##### Information supplied #####
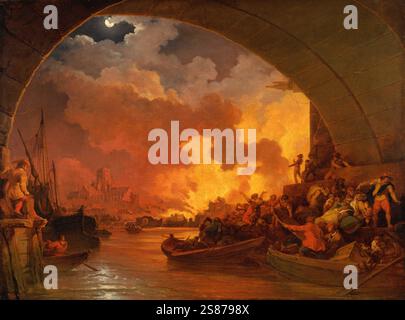 Der Große Brand von London, grande incendio di Londra, eine di guerra Feuersbrunst, die vom Sonntag, 12. Settembre 1666 bis Mittwoch, 15. Settembre 1666., vier Fünftel der City of London zerstörte, darunter die meisten mittelalterlichen Bauten, Gemälde von Philippe-Jacques de Loutherbourg, Historisch, digital restaurierte Reproduktion von einer Vorlage aus dem 19. Jahrhundert Foto Stock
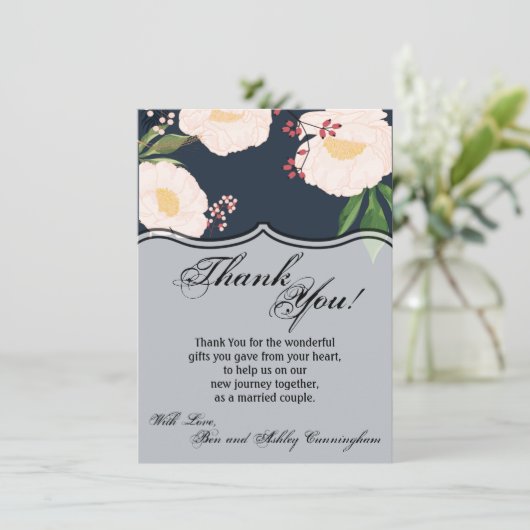 4.5x6.25 Dank u kaart Witte Bloemen Bloemen op Da (Staand voorkant)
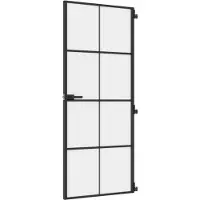 vidaXL Porta interna slim nera 83x201,5 cm vetro temperato e alluminio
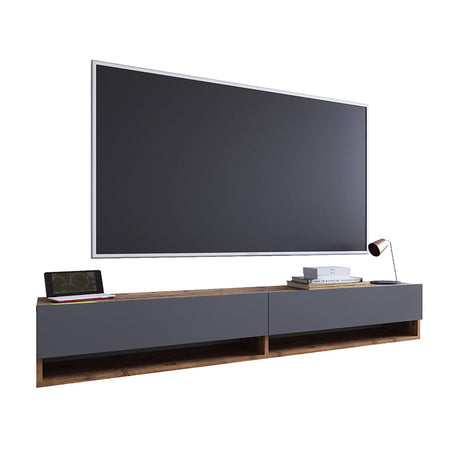Comoda TV de perete Handra cu raft ,  antracit-stejar 180x32x30cm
#####
▶ **What is needed**: Please output the material above again, exactly, and omit every image.

▶ **Task solution**:
 Der Große Brand von London, grande incendio di Londra, eine di guerra Feuersbrunst, die vom Sonntag, 12. Settembre 1666 bis Mittwoch, 15. Settembre 1666., vier Fünftel der City of London zerstörte, darunter die meisten mittelalterlichen Bauten, Gemälde von Philippe-Jacques de Loutherbourg, Historisch, digital restaurierte Reproduktion von einer Vorlage aus dem 19. Jahrhundert Foto Stock
 4.5x6.25 Dank u kaart Witte Bloemen Bloemen op Da (Staand voorkant)
 vidaXL Porta interna slim nera 83x201,5 cm vetro temperato e alluminio
Comoda TV de perete Handra cu raft ,  antracit-stejar 180x32x30cm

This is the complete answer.